Using the test, if the hair dries with no bends, it’s straight, while an “S” shape is considered wavy.

If it dries with a defined curl or loop pattern, it’s curly, while a more tightly curled spring or zigzag is coily.

How to work your natural hair texture

Queensland salon owner Meg Bates, of Elvarl Hair Artistry, says once you’ve established your hair texture, you can adjust your haircare and styling techniques to best accommodate it.

Straight hair

This hair is typically smooth and shiny but can lack volume or become greasy.

Meg recommends a lightweight shampoo, conditioner and styling product to “encourage movement and enhance natural shine, without weighing it down”.

Melissa adds that straight hair should be washed every few days and refreshed with dry shampoo to avoid greasiness, and brushed using a soft-bristle brush or wide-toothed comb to avoid excessive pulling and breakage.

Wavy tresses

This hair type is more voluminous than straight hair due to the different-shaped cuticles, but Meg notes it requires “extra moisture as it’s prone to flyaways and dehydration”.

Melissa says hydrating wash products, along with a quality leave-in conditioner, can assist with nourishing and defining the waves while also reducing frizz.

To encourage a natural wave, try curl creams or mousses followed by a smoothing serum.

Both Meg and Melissa recommend letting wavy hair air dry over blow-drying it to avoid frizz.

Curly mane

“Curly hair is characterised by well-defined, distinct and spiral-shaped curls,” Natasha says, adding that the texture’s propensity for frizz and dryness means you need to show it “lots of hydration love”.

Meg recommends shampoos and conditioners specifically for curly hair, “because the ingredients are designed to amplify curl and encourage cuticle shape”.

Natasha and Meg agree that a curly hair styling arsenal needs a quality leave-in curl spray and a lightweight curl gel.

Coily locks

“Coily hair is also known as afro-textured or kinky hair, and the key to embracing its volume and texture is to keep those coils quenched with moisture,” Natasha says.

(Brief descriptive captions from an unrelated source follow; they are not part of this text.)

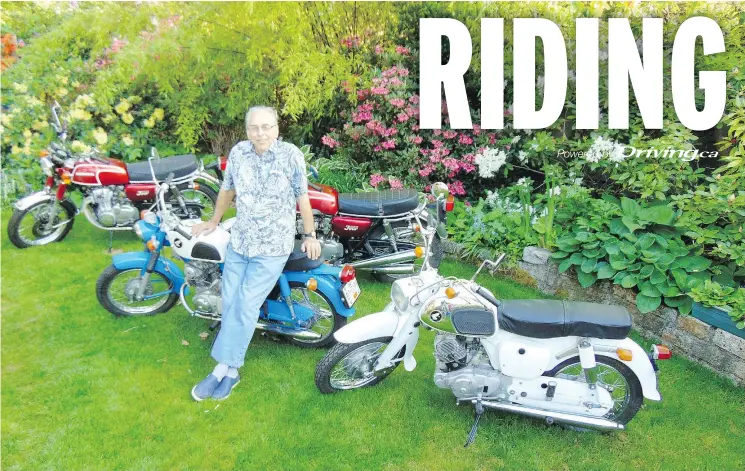  ?? ALYN EDWARDS ?? Gary Hawthorn proudly displays the vintage Honda motorcycle­s he has acquired and and restored in the past three years.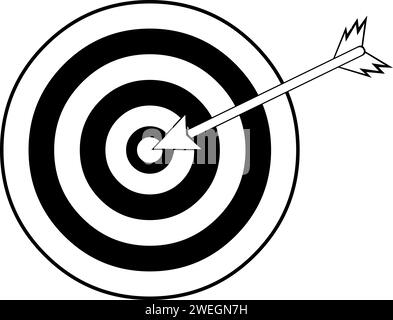 illustrazione del disegno vettoriale freccia oggetto del tabellone target, strategia, obiettivo e concetto di marketing, disegnato in bianco e nero Illustrazione Vettoriale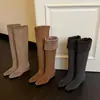 Botas Altas de Tacón para Mujer por Encima de la Rodilla con Aumento Interno de Altura, Botas de Caña Alta Plegables de Doble Uso, Nuevo Estilo Otoño/Invierno, Punta Cuadrada, sin Cierre (para Ponerse), Botas Rectas Estilo Coreano para Mujer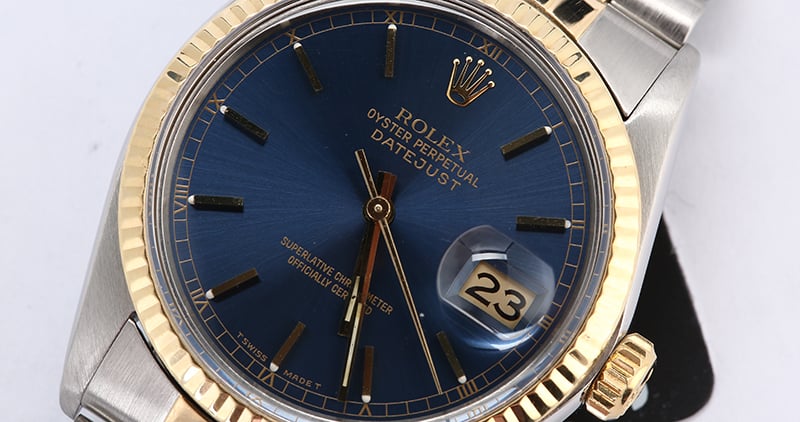 Two Tone Rolex Datejust 16013 Blue Dial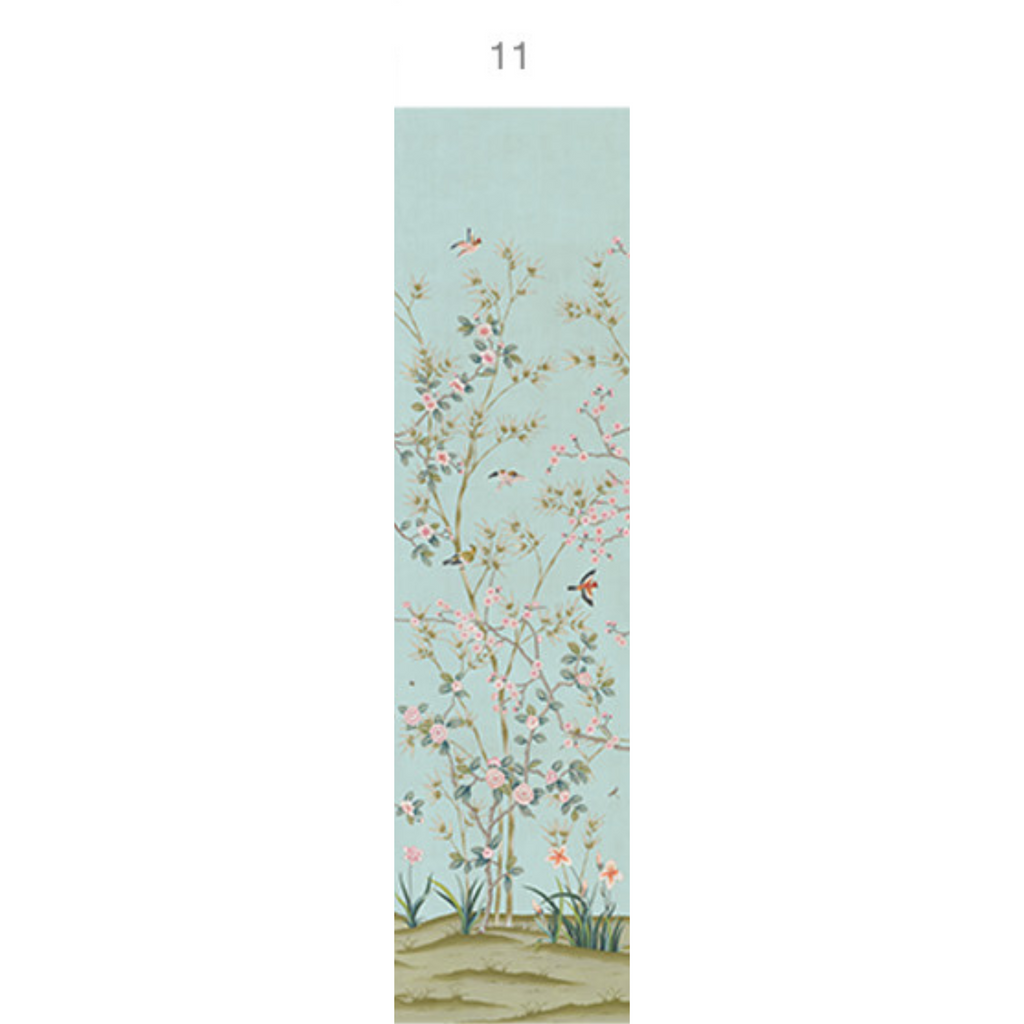 Parc Bonaire Chinoiserie Mural Wallpaper Panels in Aegean - The Well Appointed House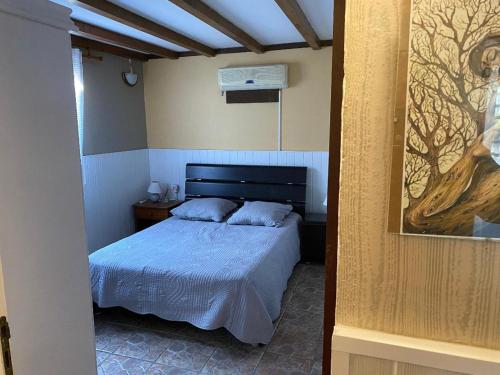 um quarto com uma cama com um edredão azul em charmante maison em Sainte-Marie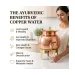 Pure Copper Water Dispenser Matka Pot with Brass Stand and Tap Floral Etched Finish Slide 4 (99.51% Certified Pure Copper)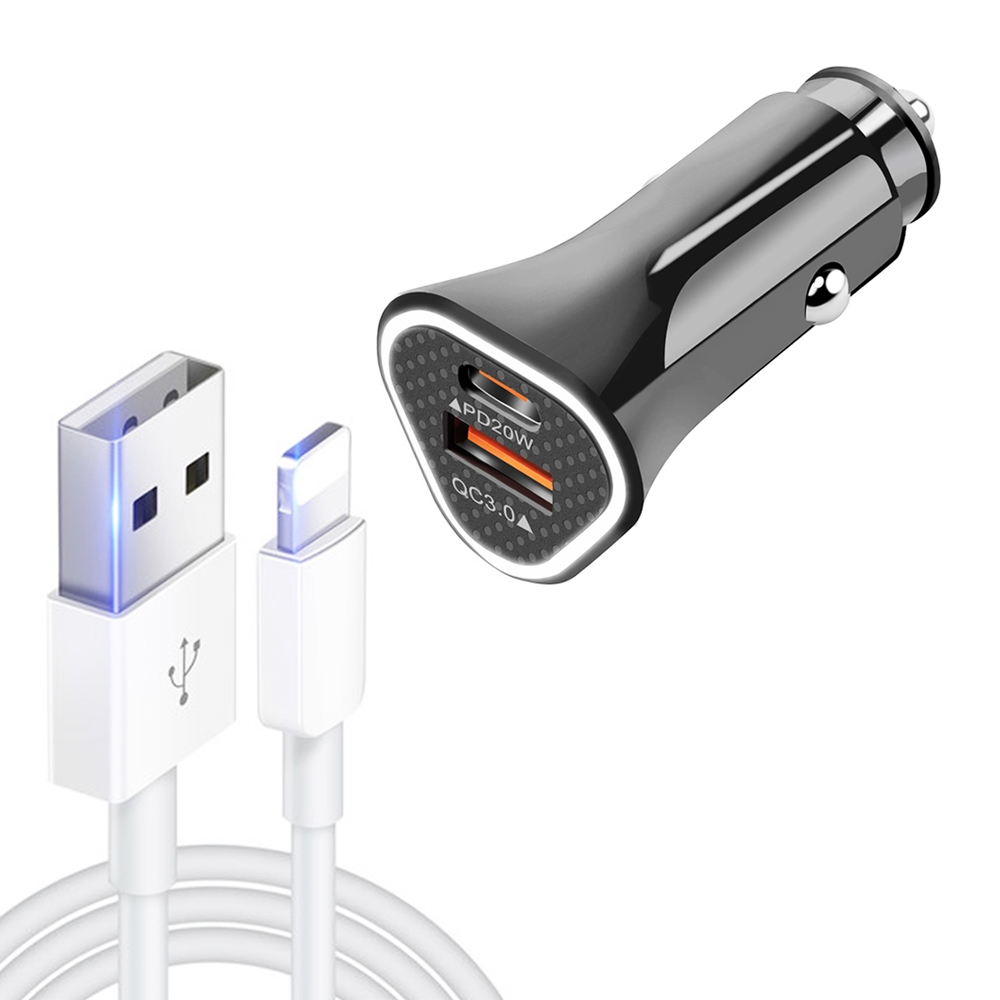 TE-P23 38W PD 20W USB-C / Type-C + QC3. 0 USB Triangle Car Charger + USB to 8 Pin Data Cable, Length: 1m(Black) TE-P23 38W PD 20W USB-C / Type-C + QC3. 0 USB Triangle Car Charger + USB to 8 Pin Data Cable, Length: 1m(Black)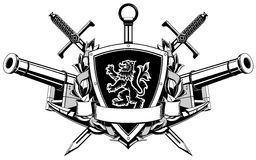 black-white-coat-arms-ribbon-swords-wrea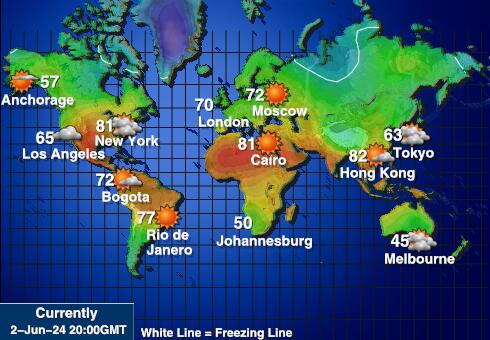 Etelämanner Sää lämpötila kartta 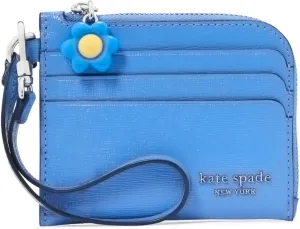 kate spade new york Devin Saffiano Leather Flower Zipper Puller Coin Card case Wristlet, Sailing Blue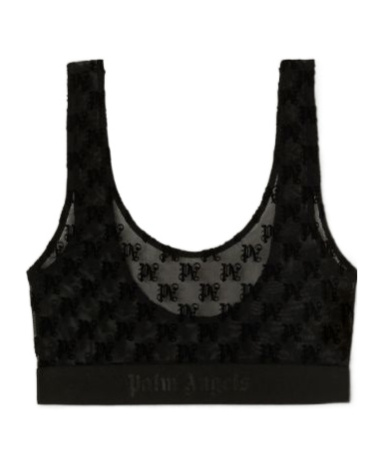 Palm Angels Monogram Pattern Scoop Neck Lace Bra In Black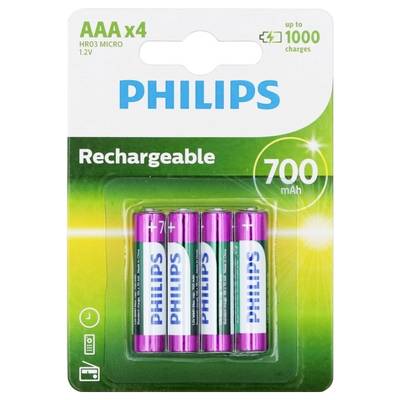 Vier AAA-batterijen van Philips met 700 mAh in verpakking, geschikt voor maximaal 1000 laadcycli.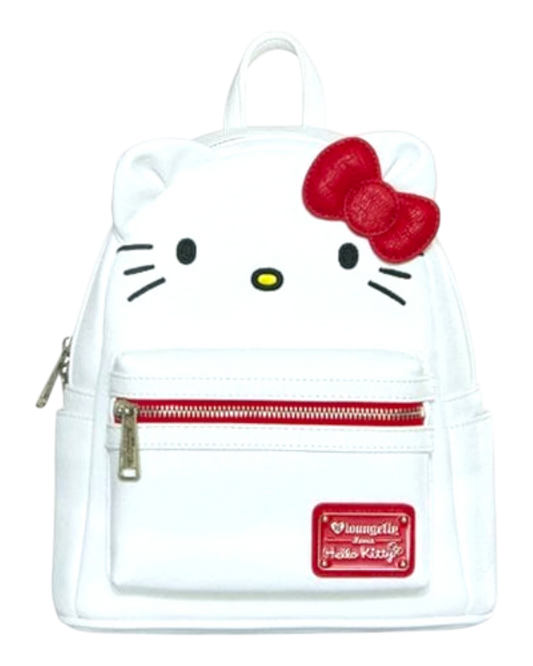 More Than Diecast white faux-leather mini-backpack with Hello Kitty big face and red bow design. Features zip pocket and side pockets.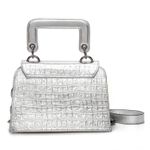 Bolsa em Couro Metalizado Prata Mariah 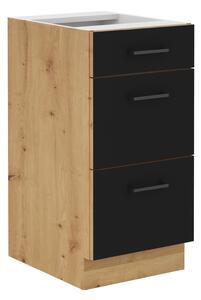 Dulap inferior de bucătărie cu sertare Miraluna (Stejar artisan + Negru mat). 1062352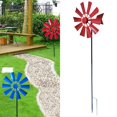 thumbnail image 3 of 28in Wind Sculpture Metal Windmill Wind for Backyard Outdoor Decor Red, 3 of 7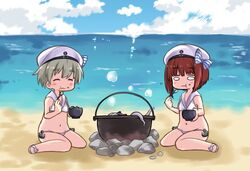  2girls :t abyssal_ship beach bikini bowl brown_hair campfire clothes_writing commentary_request cooking cosplay eating enemy_naval_mine_(kancolle) gin_(shioyude) grey_hair hat kantai_collection kneeling matching_outfits multiple_girls o_o pot sailor_bikini sailor_collar short_hair swimsuit tentacle white_bikini white_hat white_sailor_collar z1_leberecht_maass_(kancolle) z3_max_schultz_(kancolle) z3_max_schultz_(kancolle)_(cosplay) z3_max_schultz_(swimsuit_mode)_(kancolle) 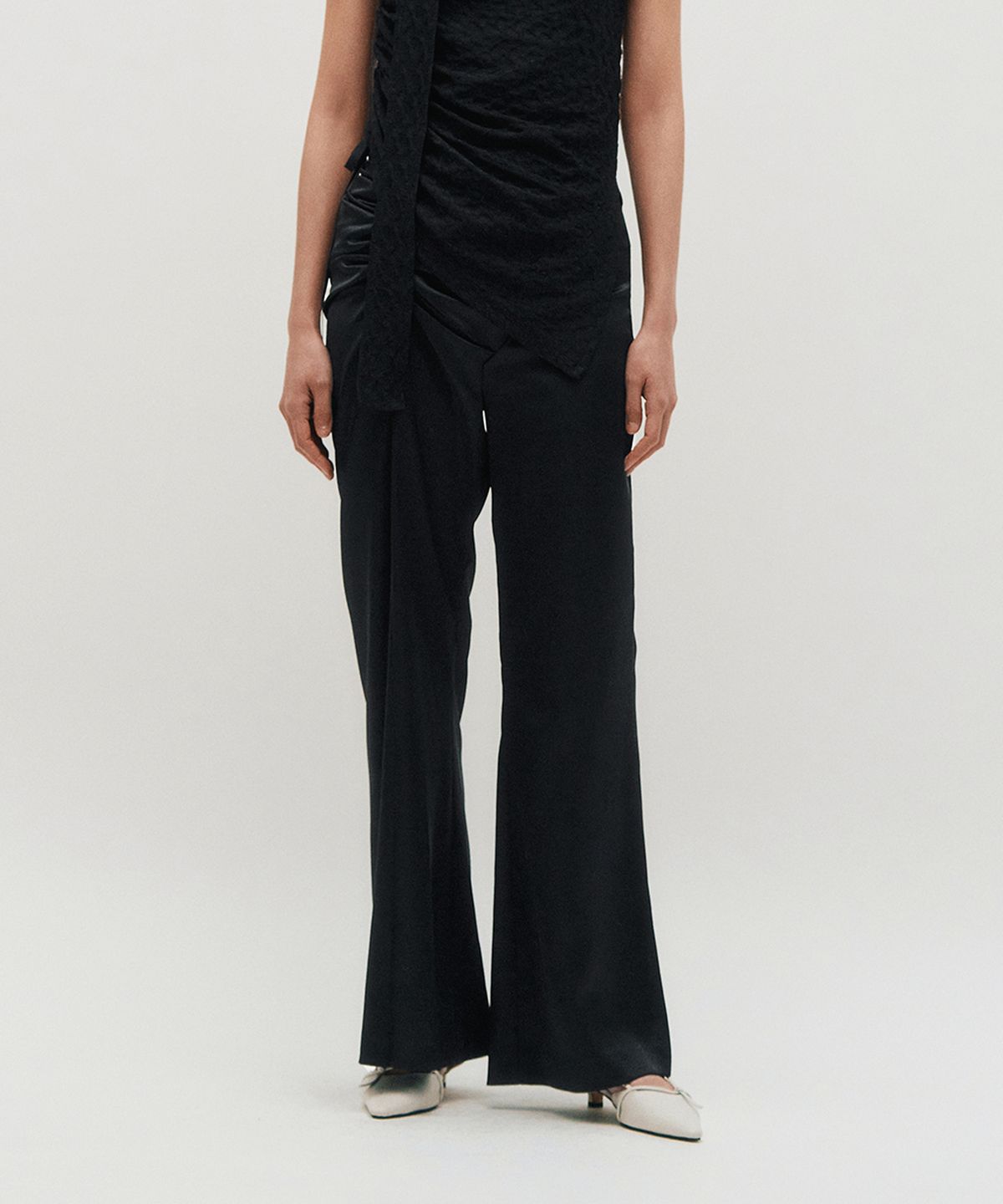 킴지수(KIMZISU) Satin Draped Trousers _ BLACK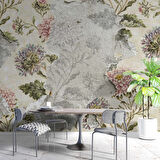 Pembe Gül ve Duvar Dokusu Desenli Duvar Kağıdı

As with curly hair, moisture-heavy haircare and styling products are essential to help naturally coily hair maintain its unique definition.

“A leave-in curl cream will deeply moisturise and nurture those tight coils, providing all-day softness and shine,” Natasha says.

“And to make those coils pop, a strong hold curl gel is the go-to.”

Consider your hair’s natural length

Natural hair texture is only one piece of the puzzle as there’s also natural length and shape to consider.

“I recommend having a professional analyse your hair to determine where it will comfortably grow to,” Meg says.

And finding your natural length is particularly beneficial for those dealing with a cowlick.

“A cowlick is a growth pattern from the hair follicle that cannot be changed – however, the length of your hair can influence how your cowlick behaves,” Melissa explains.

“The right length, combined with part placement and certain weight distribution such as a layered haircut, best accommodates a cowlick.”

The right haircut matters

Natural hair texture, shape and length are the foundations of embracing your natural hair state – but they are not the only considerations.

“During a consultation, your hairdresser will consider facial features, lifestyle and styling routine in addition to how your hair naturally behaves,” Melissa says.

“They will then guide you in understanding your hair type and talk you through the best shapes and hairstyles that will enhance these attributes.”